Aller au contenu
Automatiser l'administratif

Écrire une fois ce qui est refait chaque semaine.

Une tâche administrative répétitive n'est pas seulement du temps passé. C'est aussi un oubli possible, un ordre qui varie selon la personne, et un savoir qui n'est écrit nulle part. L'automatisation commence par écrire ce savoir.

Avant tout

Décrire le processus tel qu'il tourne.

Pas tel qu'il devrait tourner. L'écart entre les deux est souvent l'information la plus utile de la mission.
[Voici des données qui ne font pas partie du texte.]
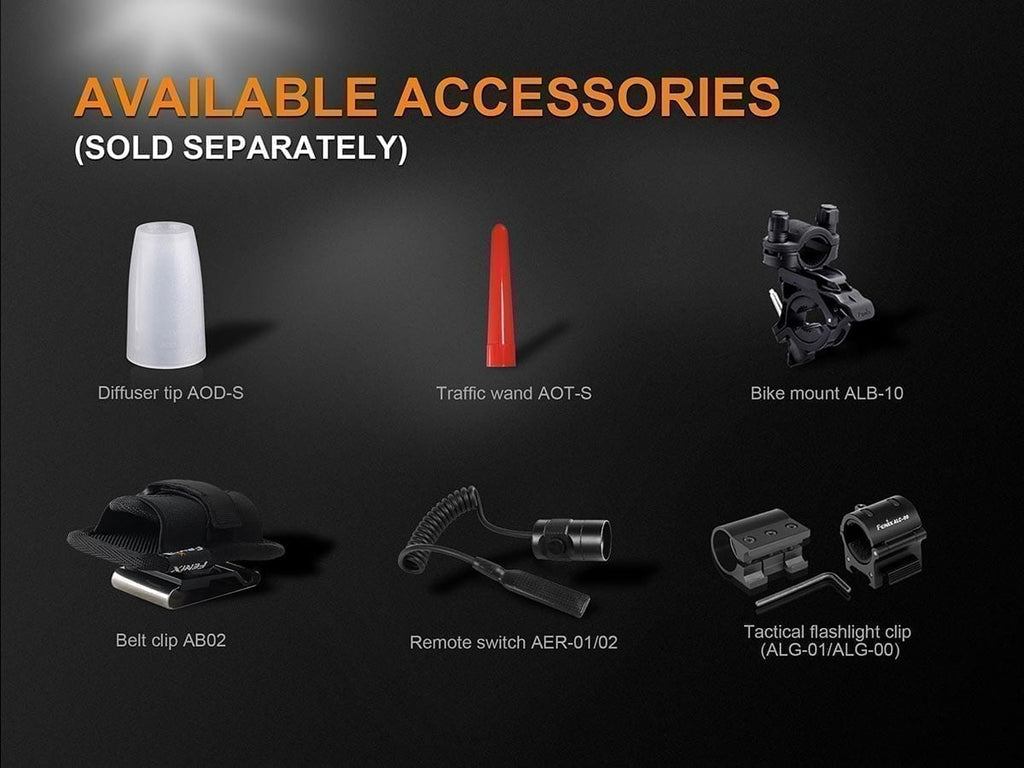 Fenix UC35 V2.0 USB Rechargeable Flashlight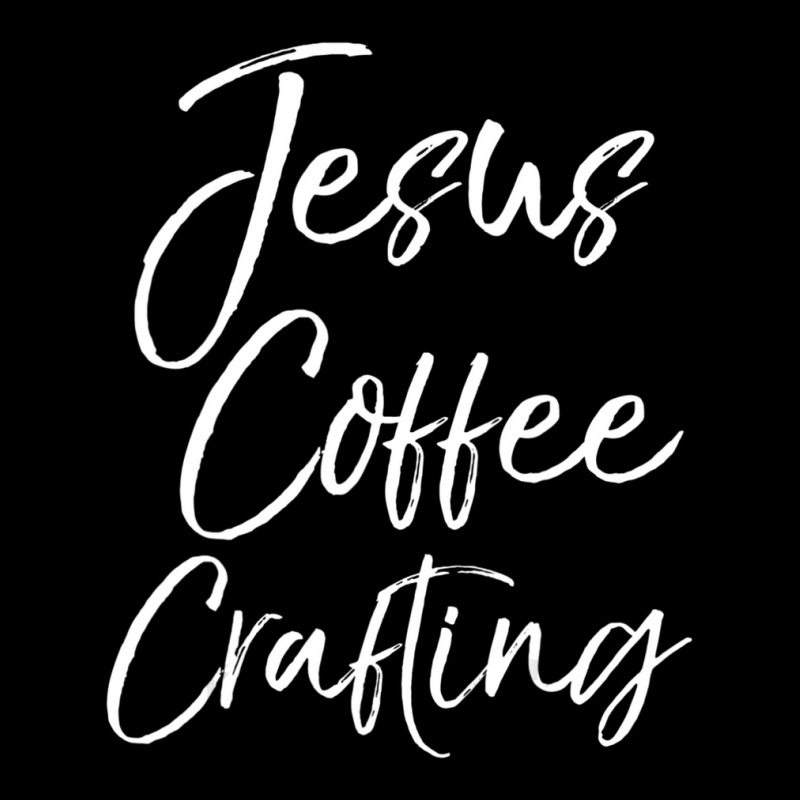 Cute Christian Crafters Gift Jesus Coffee Crafting Zipper Hoodie | Artistshot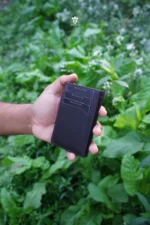 Zomidar Super Slim Mordan Genaration Snap Button Bi-Fold Card Holder Genuine Leather Wallet (The Cosmic ZBCW)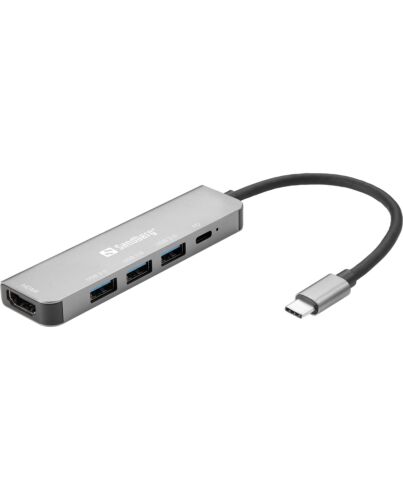 Sandberg USB-C Dock HDMI+3xUSB+PD 100W 136-32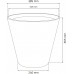 Prosperplast MATUBA Blumentopf 38,8x37cm weiß DBMA400-S449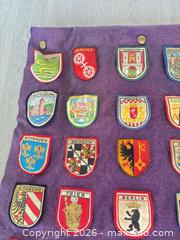 MaxSold Auction: Vintage European travel, patch banner with Military and Olympic extras - Cocoa (Florida, USA) SELLER MANAGED Estate Sale Online Auction - Broadcast Court.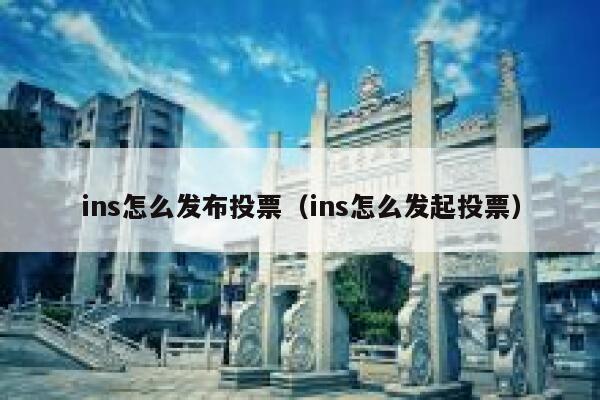 ins怎么发布投票（ins怎么发起投票） 第1张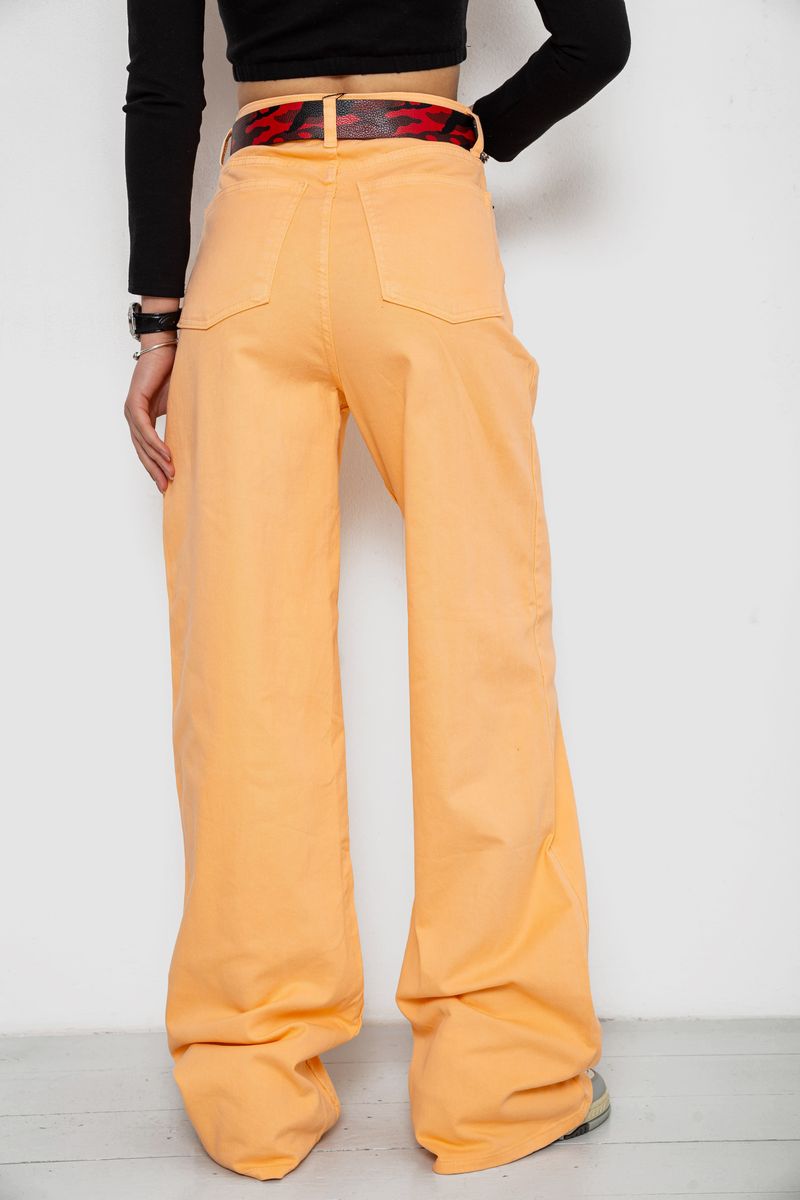 Джинси жіночі, колір персиковий, 250R00162 - Зображення 4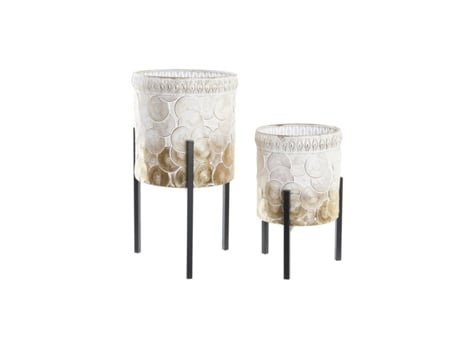 Vaso para Planta DKD HOME DECOR (2 Peças - 2 Unidades - 29 x 29 x 54,50 cm)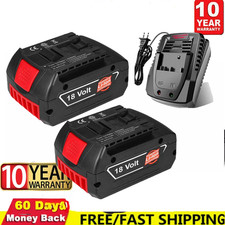 2X 5.0Ah Power Battery For Bosch 18V BAT609 BAT618 BAT610 25618-01/Charger US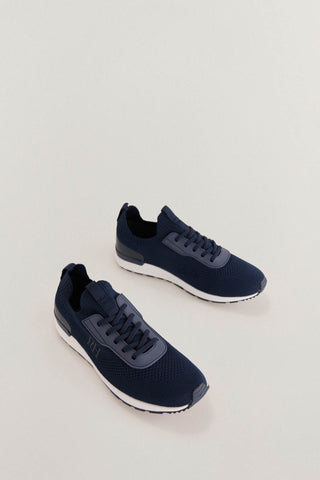 Tenis con Tejido Elástico y Logo, Hombre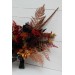 Wedding bouquets in black red rust brown colors. Bridal bouquet.Faux bouquet. Bridesmaid bouquet.5150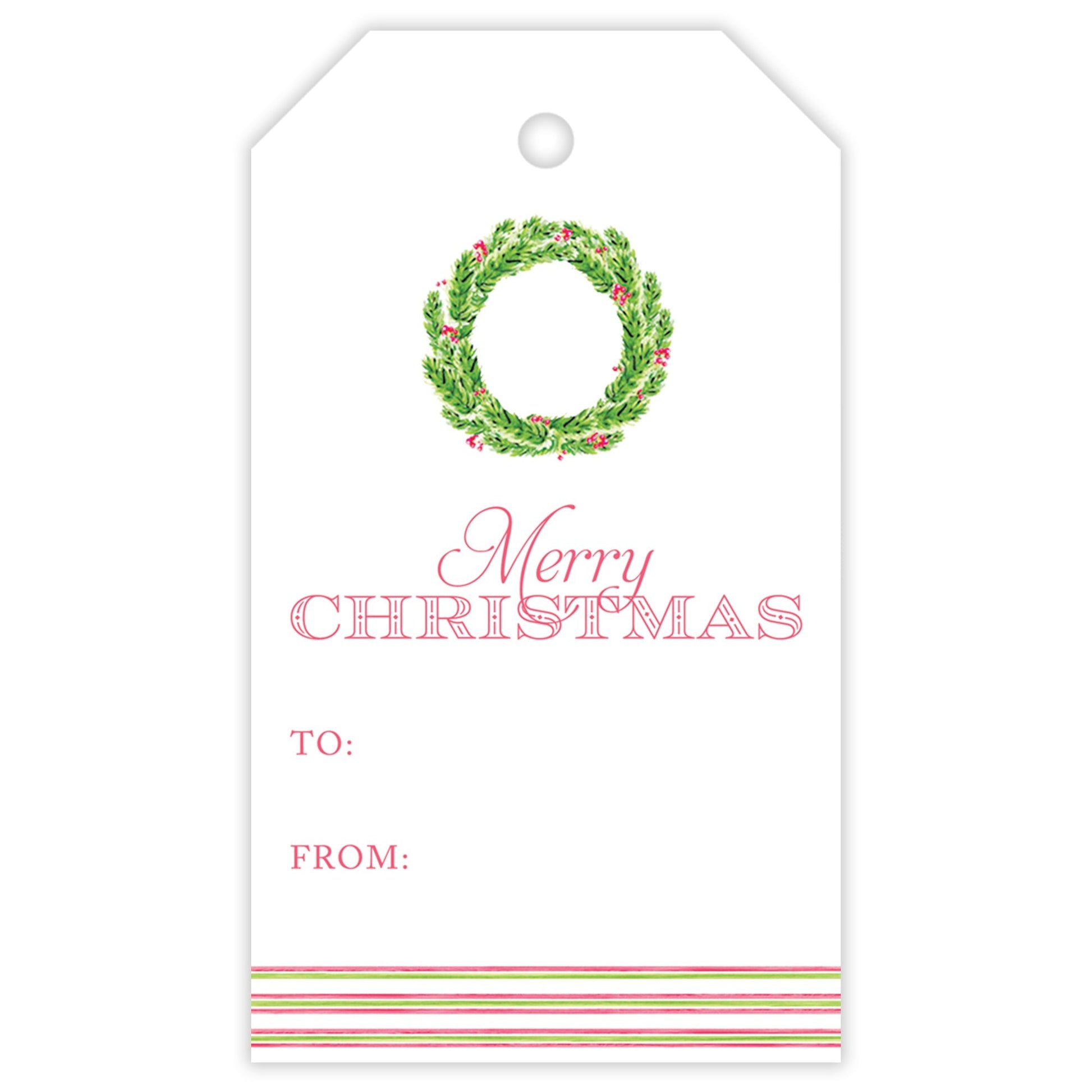 merry & bright fill - in gift tags - themonogram manor 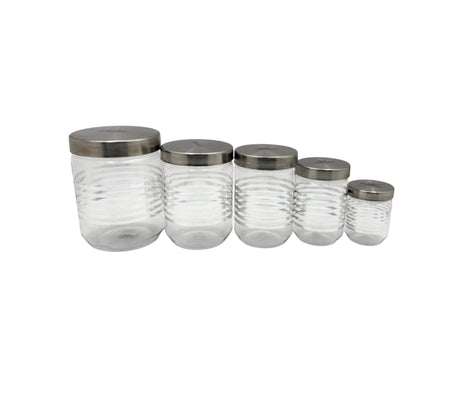 Juego de 5 potes de cocina plástico Sujoya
  • Qui déclenche la tâche, à quel moment, et sur la base de quel signal.
  • Les décisions prises en cours de route, y compris celles qui ne s'appuient sur aucune règle écrite.
  • Les cas particuliers que tout le monde connaît sans les avoir listés.
  • Ce qui doit rester validé par une personne, et ne sera donc pas automatisé.
Ce que ça peut couvrir

Les tâches qui reviennent.

Chacune se traite séparément. Rien n'oblige à tout automatiser d'un coup, ni à tout automatiser.

  • La production de documents à partir de données déjà saisies ailleurs.
  • Les relances liées à une pièce manquante ou à une échéance qui approche.
  • La transmission d'informations d'un service à l'autre, quand elle se fait aujourd'hui par mail.
  • Les contrôles de cohérence sur les dossiers, passés en revue à intervalle régulier plutôt qu'à la main.
  • La préparation des éléments demandés par un financeur, rassemblés avant d'être vérifiés par une personne.
Garde-fous

Ce qui est prévu pour que ça s'arrête bien.

  • Chaque enchaînement est testé sur des cas réels avant d'être laissé seul.
  • Une anomalie interrompt le traitement et alerte une personne nommée, plutôt que de poursuivre.
  • Le chemin manuel reste disponible et documenté.
  • Ce qui a été automatisé est écrit noir sur blanc, pour que vos équipes puissent le reprendre ou le désactiver.

Commencer par une tâche.

Une seule, choisie pour ce qu'elle coûte et pour sa régularité. Le reste vient ensuite, ou ne vient pas.